De door u aangehaalde motie-Ceder bevat de opdracht om me tot het uiterste in te spannen om te voorkomen dat er één uniek en blijvend identificatienummer in Europa wordt geïntroduceerd. Mede door de Nederlandse inzet is die bepaling zodanig aangepast dat de lidstaten ervoor kunnen kiezen om niet één uniek nummer aan de burgers toe te kennen. Nederland zal daarvoor kiezen.

De vijfde vraag van mevrouw Leijten is of er serieus juridisch advies is ingewonnen over de positie van Nederland als wij, conform de wens van de Kamer, niet zouden instemmen met het voorstel.

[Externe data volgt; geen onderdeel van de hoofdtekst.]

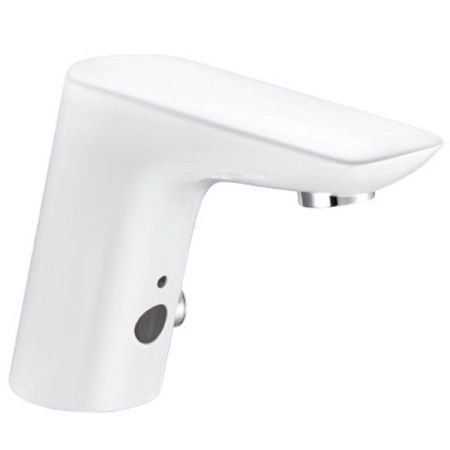 Смеситель для раковины Kludi Balance 5220091 Белый, артикул 5220091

Ik heb mij ambtelijk laten adviseren over de opstelling van Nederland in de Raad. De besluitvorming vindt zijn weerslag in de brief die ik op 2 december naar uw Kamer heb gezonden. Ik heb geen extern juridisch advies ingewonnen, omdat er geen juridische redenen ten grondslag liggen aan het niet uitvoeren van deze motie. Ik heb de voornaamste redenen aangegeven, namelijk dat de door Nederland ingebrachte zorgpunten zijn verwerkt en dat niet instemmen negatieve gevolgen zou hebben voor onze onderhandelingspositie.

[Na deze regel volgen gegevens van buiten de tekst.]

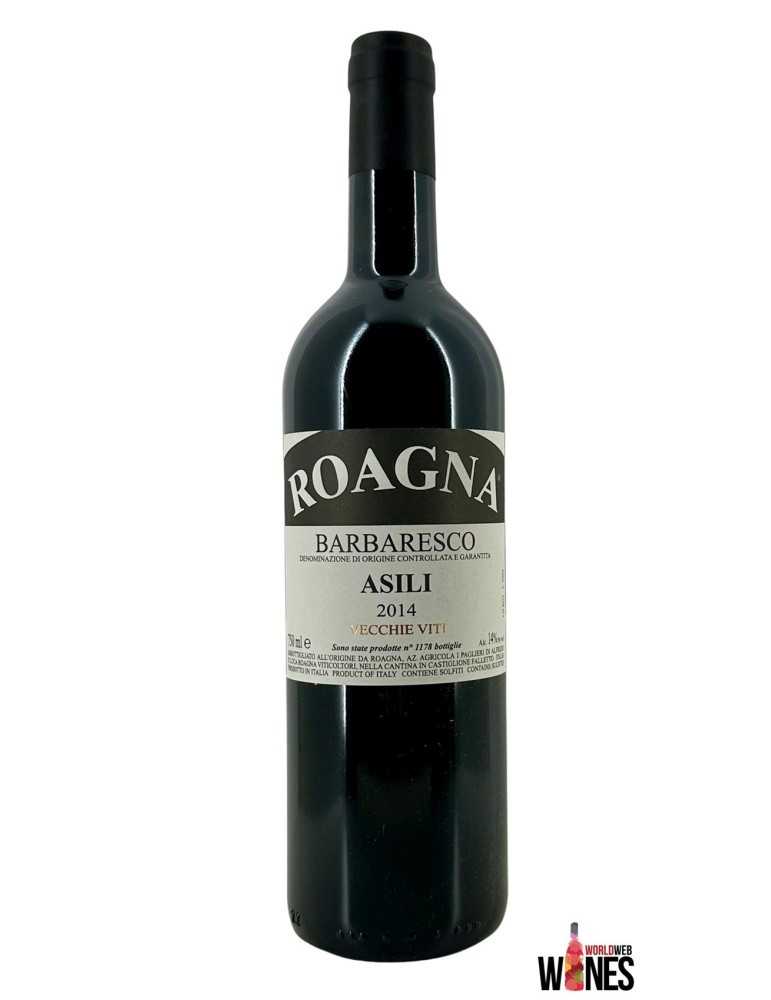 Barbaresco Asili Vecchie Viti 2014 - Roagna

De zesde vraag van mevrouw Leijten is of het niet uitvoeren van de motie besproken is in de ministerraad en of ik kan toelichten waarom ik in mijn brief aangegeven heb dat ik persoonlijk deze motie niet wens uit te voeren. In de ministerraad van 2 december is de kabinetsinzet ten aanzien van dit raamwerk voor de Europese digitale identiteit aan de orde gekomen. Dat kunt u ook teruglezen in de openbaar gemaakte besluitenlijst van de ministerraad. Na afloop van de ministerraad heb ik uw Kamer geïnformeerd over de inzet van kabinet en het niet uitvoeren van de motie. De brief geeft niet mijn persoonlijke mening weer, maar is het standpunt dat wordt gesteund door het kabinet. Ik heb u eerder aangegeven wat de motivatie daarbij is.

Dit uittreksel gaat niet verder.